Analogous to the use of electric stimulation, the volume of neurons activated by microcoils could be altered by changes to the amplitude of stimulation as well as by the design of the coil itself. At low stimulus amplitudes, activation could be confined to those neurons within ~60 μm of the coil tip. This translates to a volume of ~0.0001 mm3; using a previous estimate of neuronal density in mouse M1 [74,775 cells/mm3 (45)] results in activation of eight cells with the 1-mA stimulus. For comparison, the volume of tissue activated by a 50-mA stimulus was estimated to be 0.009 mm3, resulting in activation of 676 cells.

We also estimated the volume of activation in our in vitro experiments by systematically stepping the coil away from a targeted cell at a given stimulus strength. These experiments led to qualitatively similar values to those estimated from the model; for example, the 50-mA stimulus remained effective within a distance of ~150 μm to the cell—approximately the same as that predicted by the model. Further confirmation of this estimate comes from the calcium imaging experiments; for example, the zone of activation extended ~160 μm from the coil for a 52-mA stimulus. This ability to extend the region of activation will be important for chronic implants given the prevalence of glial scarring that can surround implants (11, 12) as well as the potential for migration of cells away from the implant (22, 35). The properties of the induced electric fields from coils may remain more consistent over time because magnetic fields pass readily through the high-impedance glial encapsulation that can surround implants although encapsulation can markedly alter the strength as well as the spatial distribution of the electric fields arising from electrodes. In addition, the lack of direct metal-to-brain contact for coils eliminates many of the electrode-brain interface problems, for example, the variability of electrode impedance following implantation (9, 15).

The results of this study suggest that power consumption, defined as the product of current-squared and impedance, will not preclude the use of microcoils in acute or chronic studies. The current levels associated with magnetic stimulation are typically higher than those associated with electric stimulation, whereas the impedance of coils is typically many orders of magnitude lower (for example, 20 ohms versus 1 megohm). Thus, to a first approximation, the currents required for coils can be two to three orders of magnitude greater than those from electrodes but still result in a similar level of power consumption. Of course, many additional factors influence power usage, and higher current levels may require specialized power supplies, but this estimate suggests that the higher levels of current will not necessarily result in excessive power levels.

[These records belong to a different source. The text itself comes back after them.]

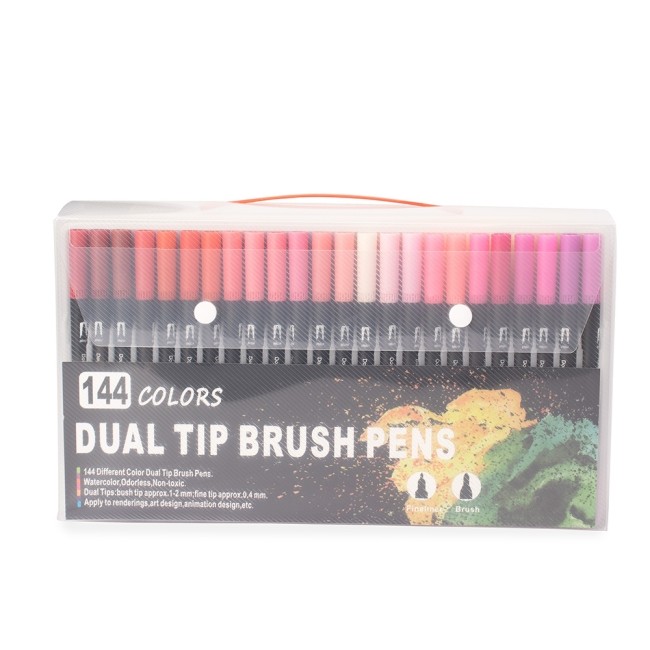 Kit canetinhas ponta dupla 144 cores para brinde
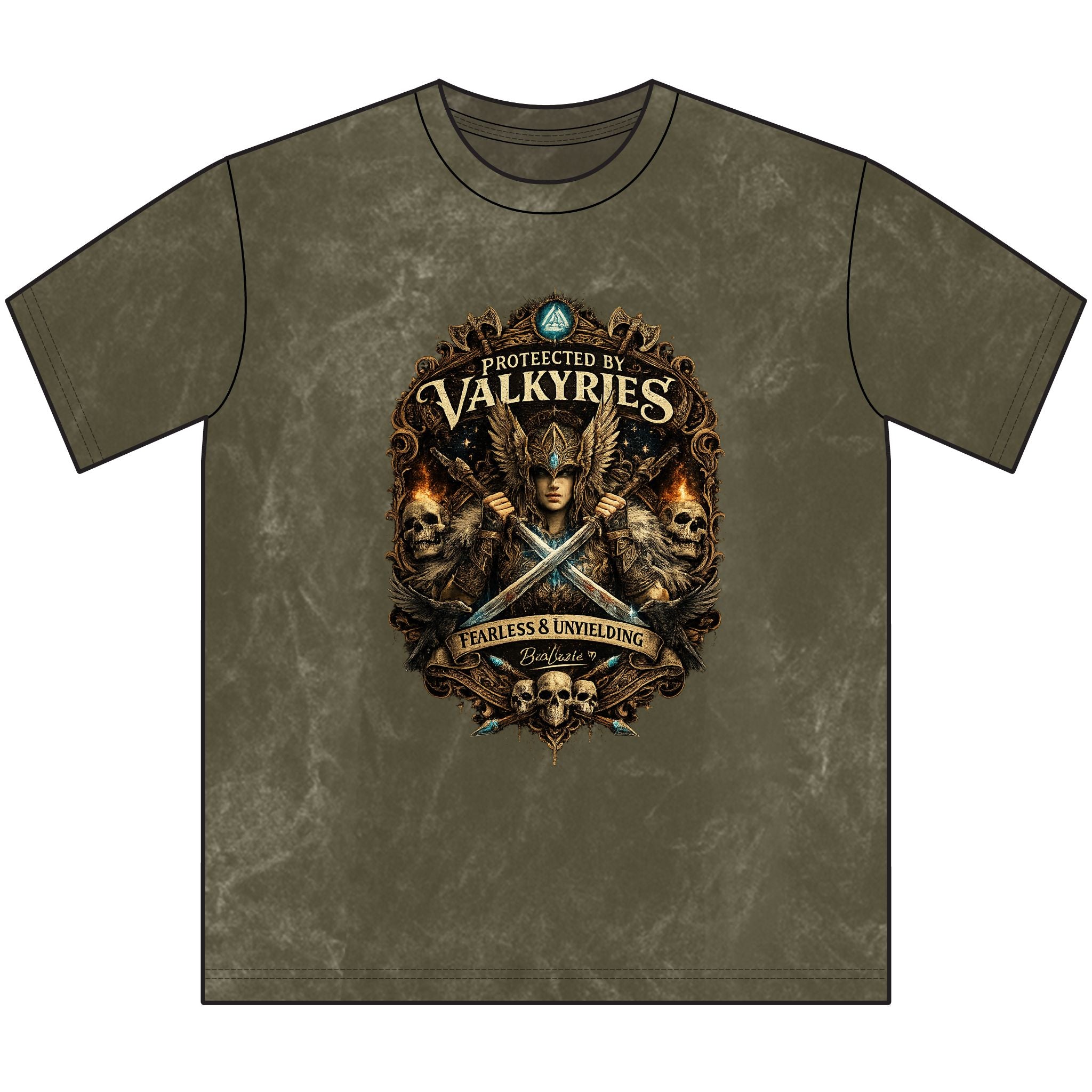 Protected by Valkyries Vintage Crewneck Tee — Fearless & Unyielding Viking Graphic Shirt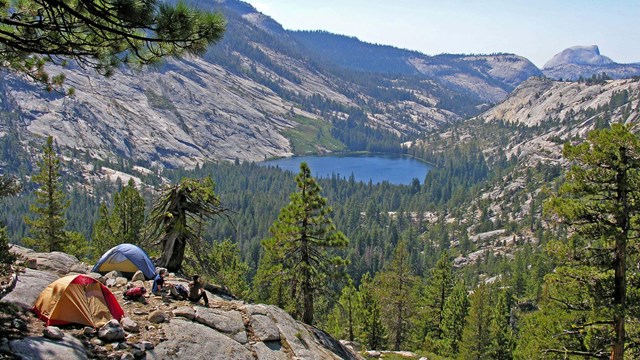 Merced Lake and back of Half Dome with backpackers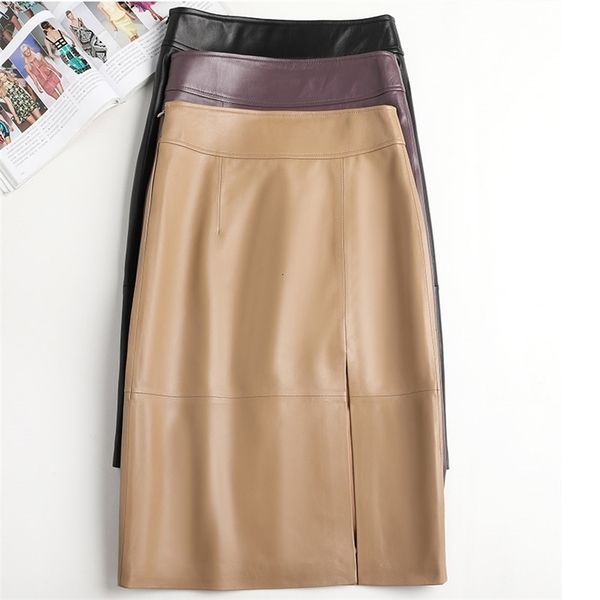 skirts stylish women genuine leather skirt female slit pockets sewing high waist jupe mujer a-line mid-length khaki/purple chic faldas 23041, Black
skirts stylish women genuine leather skirt female slit pockets sewing high waist jupe mujer a-line mid-length khaki/purple chic faldas 23041, Black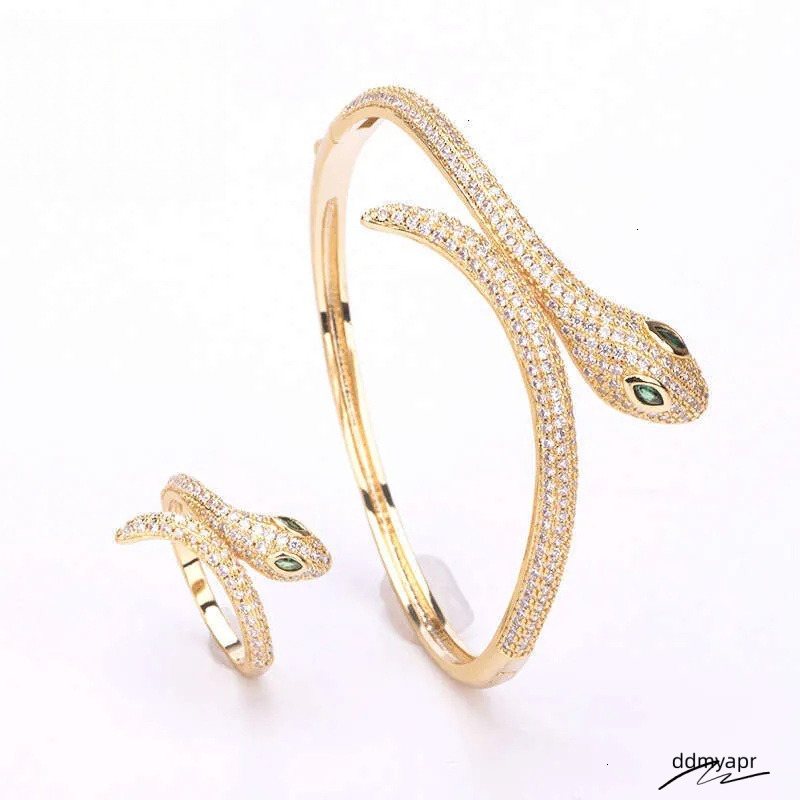 Serpent Bracelet - Gold/Rose Gold/Sier Plated Snake Ddmyday Jewelry With Stones For Women (17.1Cm Inner Circumference) Ddmyday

The new coil design was associated with a considerable reduction in thresholds (power levels are summarized in fig. S1). For example, the threshold for single-pulse activation of L5 PNs in brain slices was 40 to 45 mA, nearly 16× lower than the thresholds obtained in analogous experiments with the original coil. This translates to a reduction in power from ~2 W to ~10 mW. Thresholds for in vivo activation with the new coil were even lower (7 to 10 mA) and brought estimated power levels down to 0.4 mW, a reduction of more than two orders of magnitude from those required in previous in vivo experiments with the original microcoil (13). It is almost certain that a large portion of the reduction in in vivo thresholds arises from the ability to insert the new design directly into the cortex, whereas the previous design restricted coil placement to the cortical surface.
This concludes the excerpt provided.